Alkaptonuria (also alcaptonuria) - Here’s another situation where you urine turns black after it sits in the open air for a while. This is due to homogentisic acid created by the disorder. This is caused by an inherited recessive gene disorder, a genetic defect, where your body doesn’t do a good job breaking down the amino acid called Tyrosine. Your body is lacking enough of a particular enzyme which would help the tyrosine break down properly. This breakdown occurs in your liver and it creates a by product called homogentisic acid. This particular acid is dangerous to your body. When your liver processes this homogentisic acid, it has to go somewhere. It can build up in your body tissues and joints, and it also comes out in your urine. At first your urine may appear normal, but as the urine sits in the open air, the acid creates a dark red urine, brown urine or black urine color. Since we normally don’t sit around watching our urine ferment in the toilet, we may not notice this. You might see it in a baby’s wet diaper that you didn’t get around to throwing out. As an adult you might only notice it when you start noticing other symptoms.

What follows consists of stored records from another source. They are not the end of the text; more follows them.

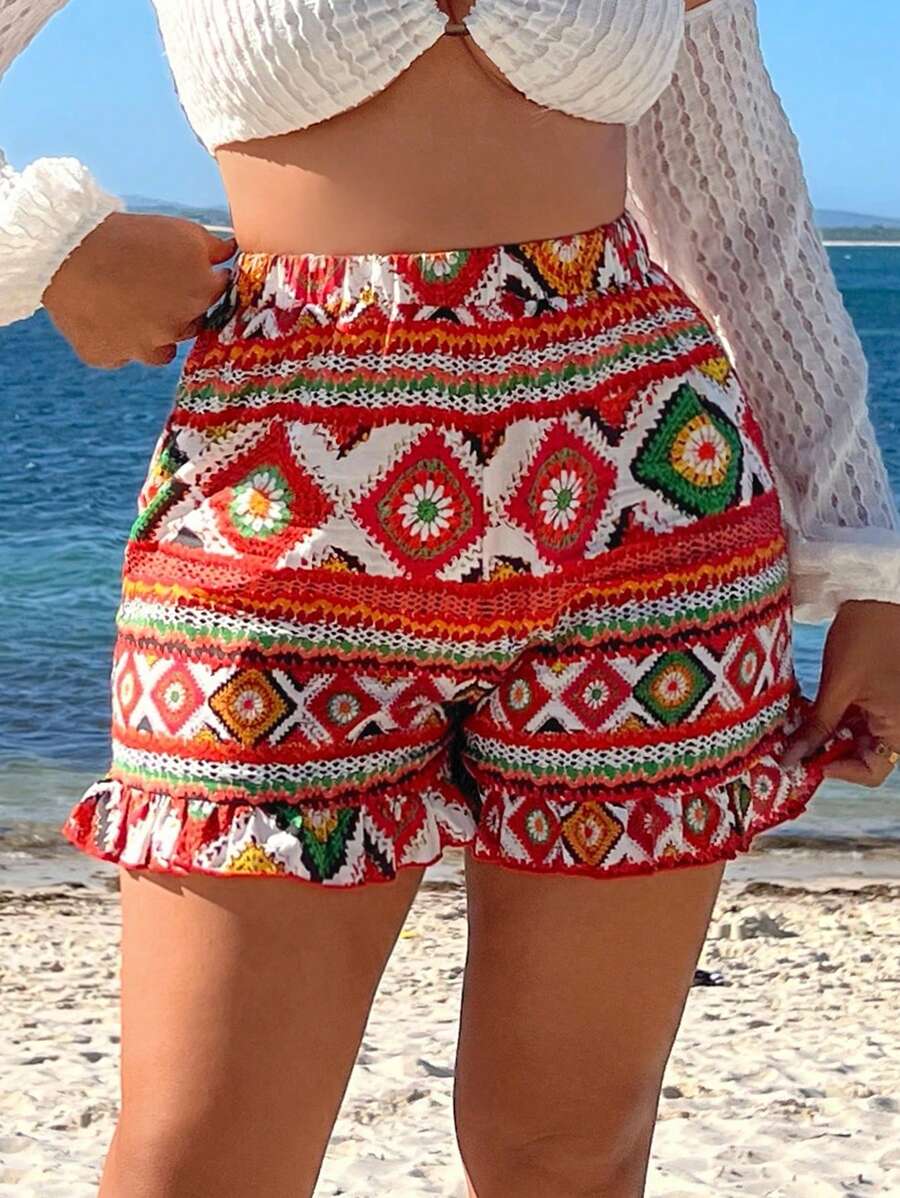 SHEIN SXY 夏季假期海灘波西米亞風格帶有鬆緊腰設計的印花短褲,底邊有褶邊裝飾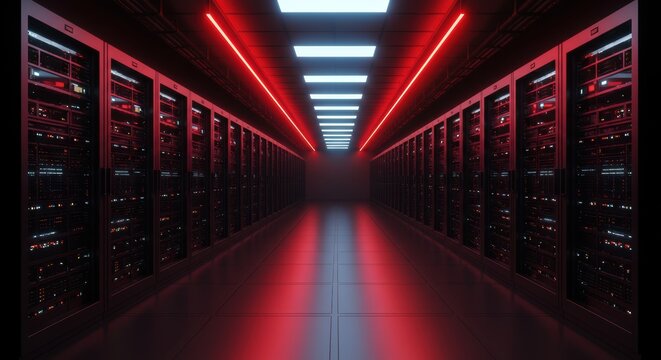 Futuristic Server Room with Neon Lighting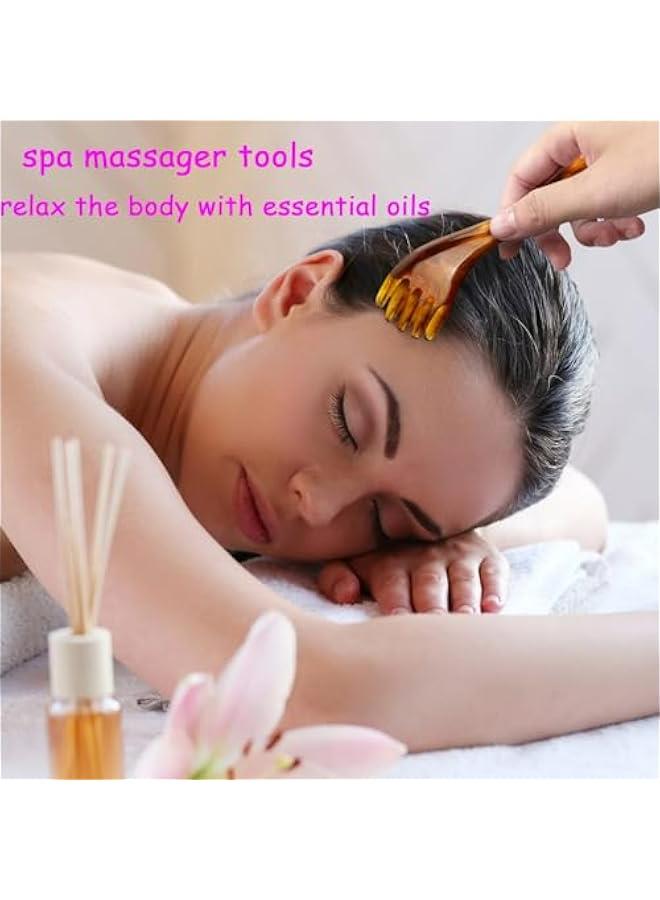 Generic Amber Resin Head Massager Scalp 2-Piece Set Scraper Blender Portable Tool Set Zipper Bag Ideal Gift for Mother, Sister, Kids, Lover  - Image 3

Some of these symptoms may include:
Can Alkaptonuria be prevented? No. It is inherited when both your parents pass the full defective gene on to you. Don’t be mad at your parents, they could not have prevented it either, unless they had recognized it earlier and decided not have kids. Then where would you be?
Can Alkaptonuria be treated? High doses of vitamin C have been shown to help slow the development of the arthritis that can come from alkaptonuria. It also seems to help reduce the skin color change that comes from the build up of the homogentisic acid , but much of this evidence is more anecdotal than deep research. In other words, you heard it from a friend, who heard it from a friend. Other than that, there’s unfortunately nothing that can be done to prevent it. Many people turn to painkillers to deal with the arthritis, and eventually joint replacement may be necessary. Anything that can be done to reduce the production and build up of the homogentisic acid would be most ideal. There are some hints of usefulness from a drug called nitisinone that is supposed to suppress the production of the homogentisic acid, but it’s only been tested in limited trial, and the results were deemed inconclusive.